**ASSIGNED TASK:** Return the listing below verbatim. Pictures do not belong in the copy.

**PROVIDED MATERIAL:**
* * *

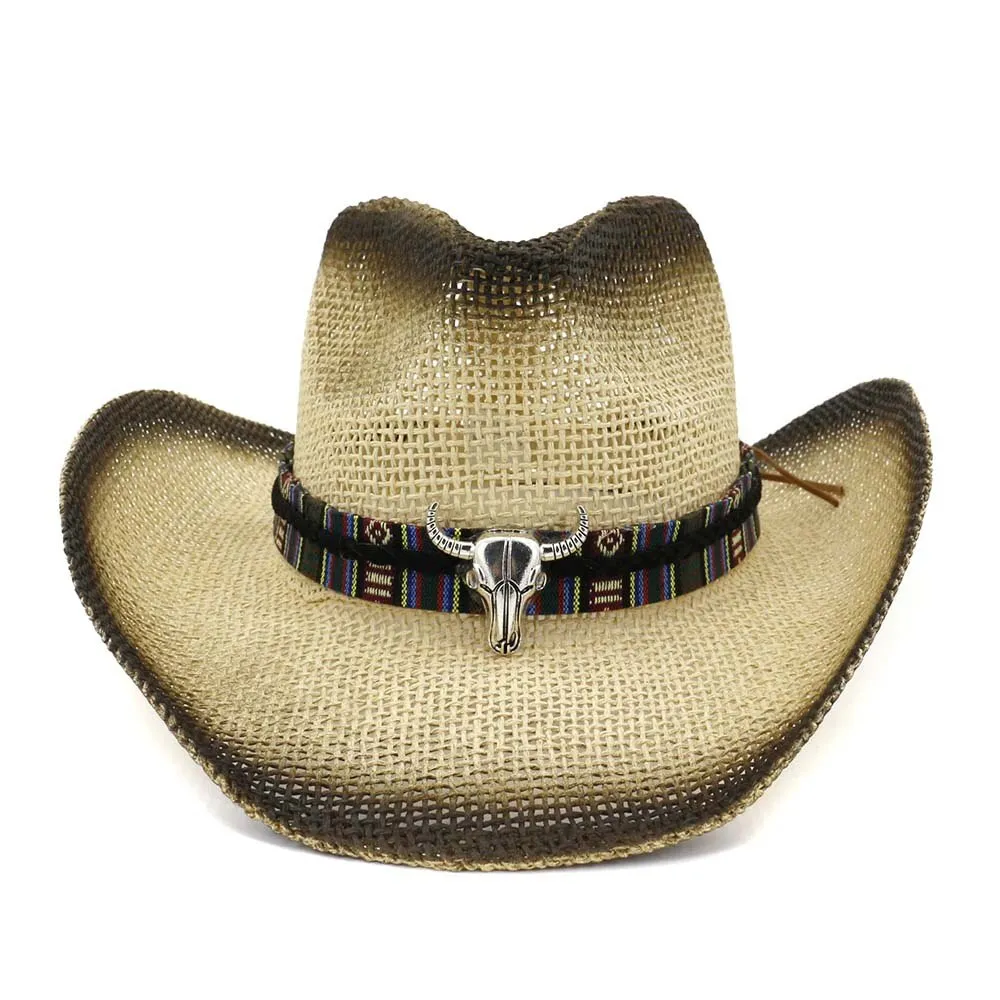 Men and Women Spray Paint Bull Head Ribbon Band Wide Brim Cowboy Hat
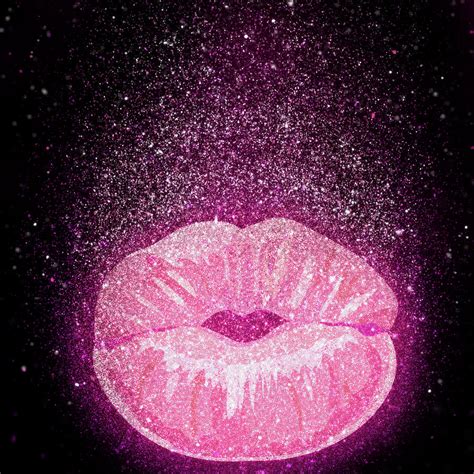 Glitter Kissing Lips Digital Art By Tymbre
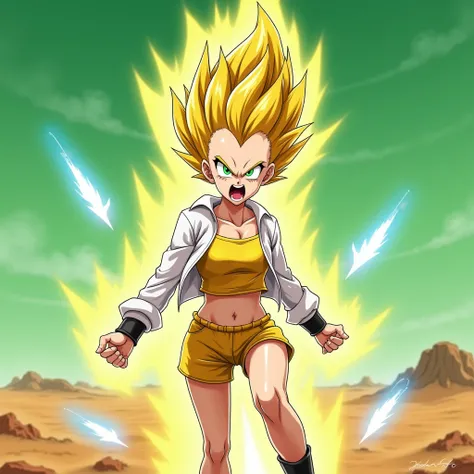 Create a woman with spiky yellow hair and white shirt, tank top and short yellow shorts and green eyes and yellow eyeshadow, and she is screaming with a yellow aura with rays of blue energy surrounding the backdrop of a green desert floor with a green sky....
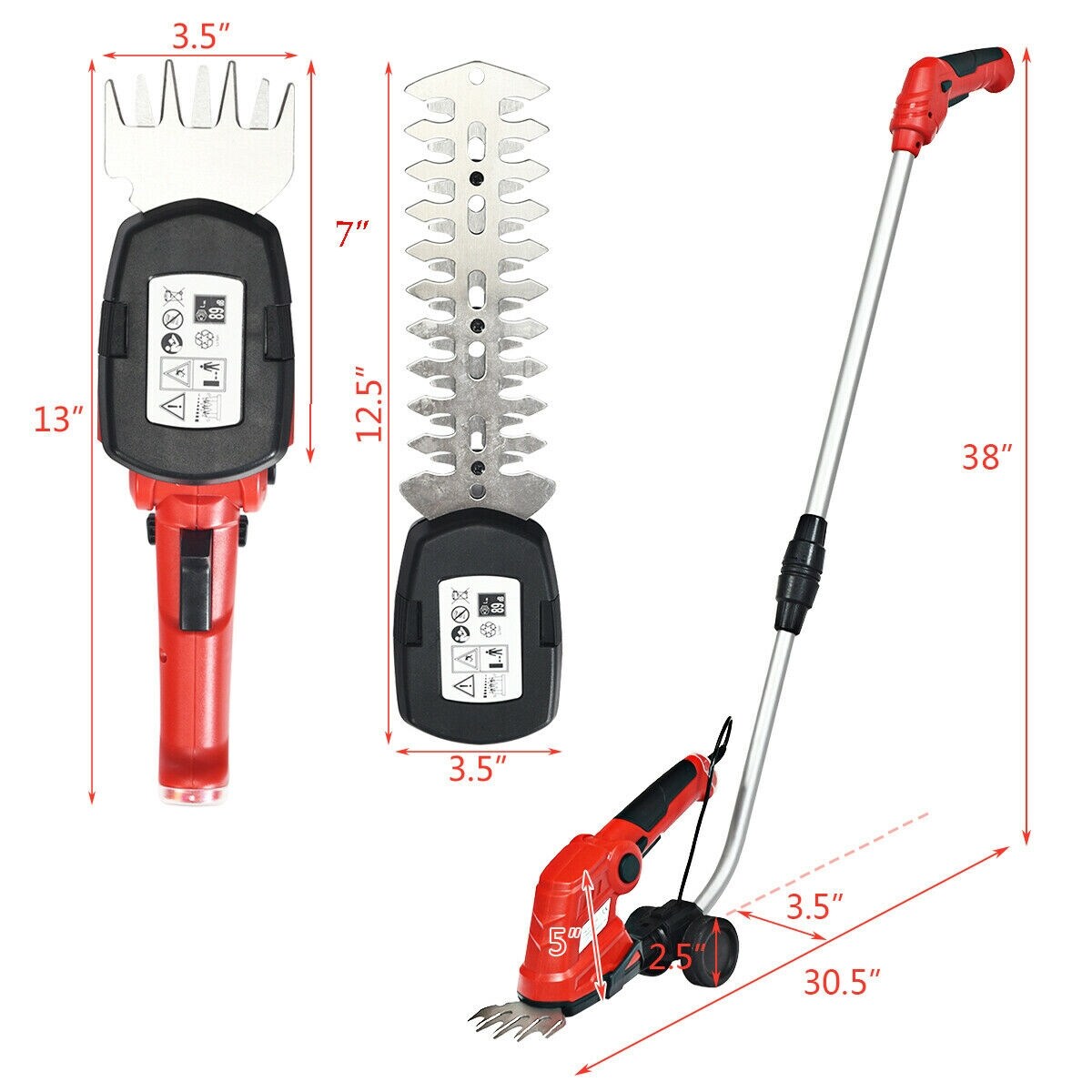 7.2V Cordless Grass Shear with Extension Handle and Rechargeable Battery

* * *

**TASK ANSWER:**
 Men and Women Spray Paint Bull Head Ribbon Band Wide Brim Cowboy Hat
 Glitter Kissing Lips Digital Art By Tymbre
 Create a woman with spiky yellow hair and white shirt, tank top and short yellow shorts and green eyes and yellow eyeshadow, and she is screaming with a yellow aura with rays of blue energy surrounding the backdrop of a green desert floor with a green sky....
 7.2V Cordless Grass Shear with Extension Handle and Rechargeable Battery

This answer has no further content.